● YOUR ASSIGNMENT
Find the line with "Apartments Villa Kameja" in the entries below, then reproduce it and every line after it down to and including the line with "Lake Cumberland Retreat w/ Deck & Views!", exactly.

● GIVEN INFORMATION
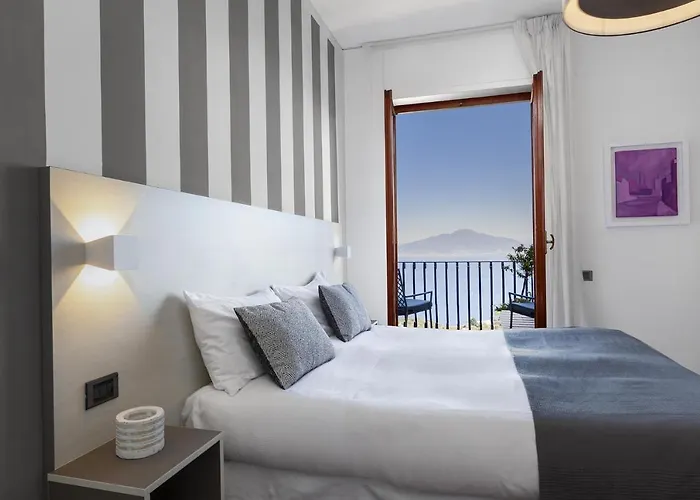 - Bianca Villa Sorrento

* * *

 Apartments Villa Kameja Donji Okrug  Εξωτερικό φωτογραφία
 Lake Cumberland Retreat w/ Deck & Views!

● RESULT BELOW
 Apartments Villa Kameja Donji Okrug  Εξωτερικό φωτογραφία
 Lake Cumberland Retreat w/ Deck & Views!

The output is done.